In Aetna Ins. Co. v. Texas Thermal Industries, Inc., 591 F.2d 1035, 1038 (5th Cir. 1979), this court held that the Federal Tax Lien Act of 1966 was intended to supplant the federal common law with respect to "tax lien priority questions as to which that statute provides an unambiguous federal answer." In Texas Commerce Bank--Fort Worth, N.A. v. United States, 896 F.2d 152, 161 n. 8 (5th Cir. 1990), however, another panel of this court has recently noted that there is an apparent conflict between Aetna and two earlier decisions of this court, Rice Investment Co. v. United States, 625 F.2d 565, 572 (5th Cir. 1980) and Texas Oil & Gas Corp. v. United States, 466 F.2d 1040, 1053 (5th Cir. 1972), cert. denied sub nom., Pecos County State Bank v. United States, 410 U.S. 929, 93 S. Ct. 1367, 35 L. Ed. 2d 591 (1973). In Rice and Texas Oil, the court, after concluding that nonfederal liens were not entitled to priority under the Tax Lien Act of 1966, proceeded to examine the question of priority under pre-1966 common law. We note that Aetna involved a nonfederal lien that was clearly entitled to priority under the Tax Lien Act and in that respect may be distinguishable from the nonfederal liens involved in Rice and Texas Oil

In the case before us, the statute provides a nonambiguous federal answer to the priority. It is unnecessary for us to resolve any conflict between Aetna, Rice, and Texas Oil in this case because, even if we examine the question of priority under pre-1966 federal common law, the answer is the same. Pre-1966 federal common law requires that the competing nonfederal lien be not only first in time but "choate" as well. A nonfederal lien is choate when "the identity of the lienor, the property subject to the lien, and the amount of the lien are established beyond any possibility of change or dispute." Rice Investment, 625 F.2d at 568. The question whether a lien has acquired sufficient substance and has become so perfected as to defeat a later-arising or later-filed federal tax lien is governed by federal law. Id.

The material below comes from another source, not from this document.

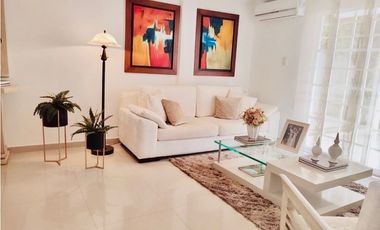 SE VENDE EXCLUSIVA Y AMPLIA CASA EN CONJUNTO EN VILLA SANTOS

Although the deed of trust identifies the lienor and describes the property subject to the lien, the amount of the lien was not established "beyond all possibility of change or dispute" at the time the notices of tax liens were filed. The deed of trust secured not only the $400,000 loan, but also "such future and additional advances as may be made to the grantor," as well as "all debts, obligations, or liabilities, direct or contingent, of the grantor ... to the beneficiary, whether now existing or hereafter arising at any time before actual cancellation of this instrument on the public records of mortgages and deeds of trust, whether the same be evidenced by note, open account, over-draft, endorsement, guaranty or otherwise." Because the deed of trust had not been cancelled at the time the IRS filed the notices of tax liens, the amount of the Bank's lien, under the express terms of the deed of trust, was subject to a "possibility of change or dispute" and thus was not perfected, or "choate," under pre-1966 federal common law.